Prinsip ijtihad adalah pembuka yang baru dalam sejarah syariat Islam. Sehingga Muhammad Iqbal mendeskripsikan ijtihad sebagai prinsip gerak dalam ajaran Islam. Ijtihad dalam Islam merupakan prinsip yang semestinya terus berlangsung sepanjang zaman. Bukan hanya terbatas pada periode waktu tertentu. Para fukaha diharapkan agar mampu berijtihad tanpa henti. Nabi telah menetapkan bahwa seorang mujtahid apabila telah berusaha merumuskan suatu hukum namun menghasilkan konklusi yang salah, maka ia tetap mendapatkan satu ganjaran kebaikan atas usahanya. Sedangkan, jika ia benar tentu akan mendapatkan dua ganjaran atas usaha dan konklusi kebenaran dari ijtihadnya.

Jika Nabi Muhammad telah membuka pintu ijtihad bagi umat, maka tidak boleh bagi siapa pun menutup pintu Ijtihad. Maka, menutup pintu ijtihad sama halnya dengan menutup rahmat Allah SWT. Di samping itu, menutup pintu ijtihad juga berati menutup potensi akal atas haknya dalam memahami dan berpikir secara komprehensif.

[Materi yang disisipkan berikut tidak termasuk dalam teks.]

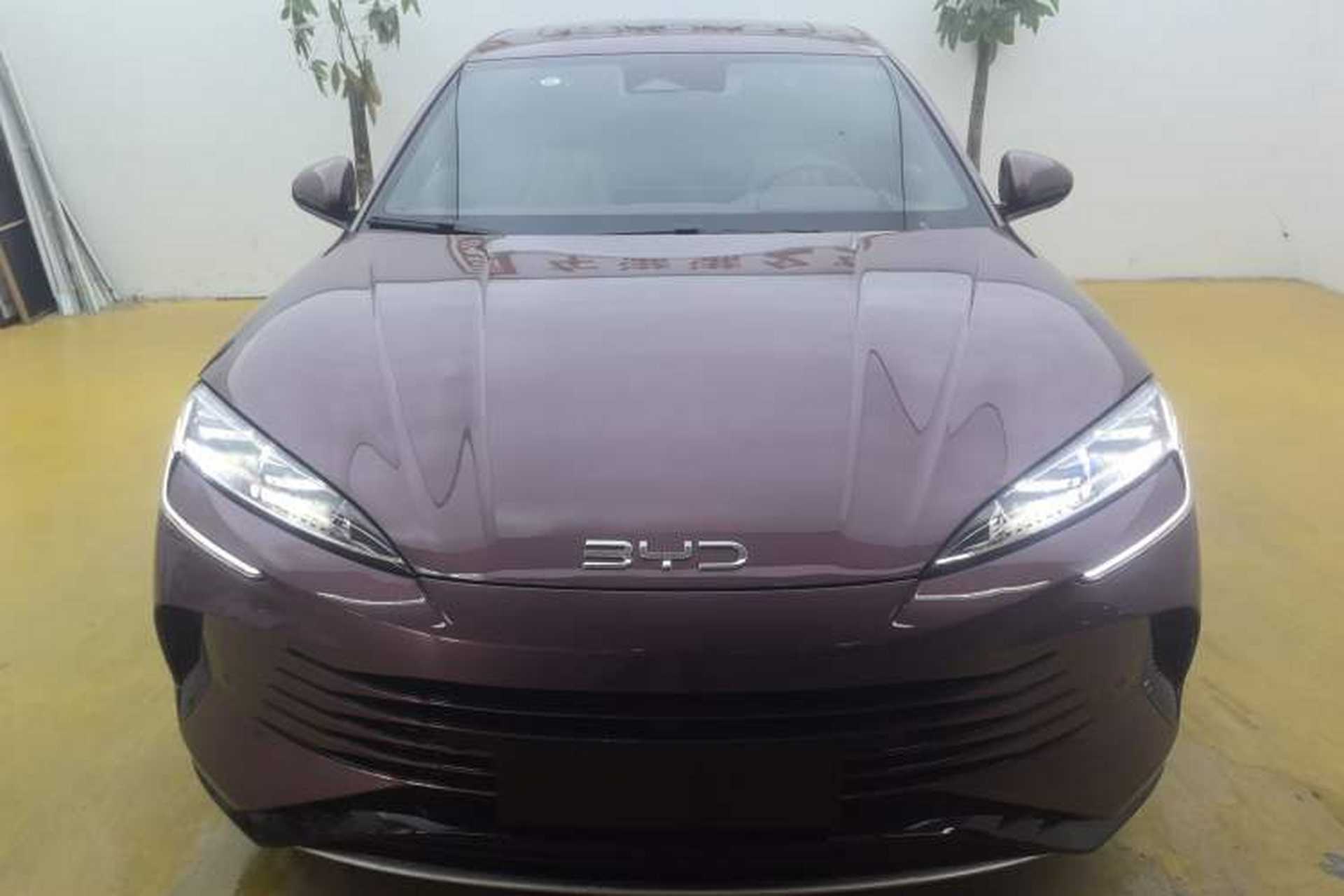Used BYD Seal 2024 HONOR Edition DM-i 1.5T 121km Flagship Model Front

Contoh konkret yang dilakukan Imam Syafi’i ketika datang ke Mesir dan memutuskan untuk menetap di sana. Ia memulai untuk memikirkan kembali pendapat-pendapat yang telah ia katakan sebelumnya ketika di Bagdad. Karena persoalan fatwa wajib menjaga eksistensi ‘uruf setiap daerah atau negara tertentu. Prof. Dr. Hamdi Zaqzuq lalu menukil perkataan Ibnu Al-Qayyim, “Barang siapa yang berfatwa kepada orang-orang dengan hanya menukil (secara tekstual) dari kitab-kitab atas perbedaan uruf, adat, waktu dan keadaan tingkah mereka dan indikasi keadaan mereka, maka telah benar-benar sesat dan menyesatkan, dan ia berdosa atas agama.”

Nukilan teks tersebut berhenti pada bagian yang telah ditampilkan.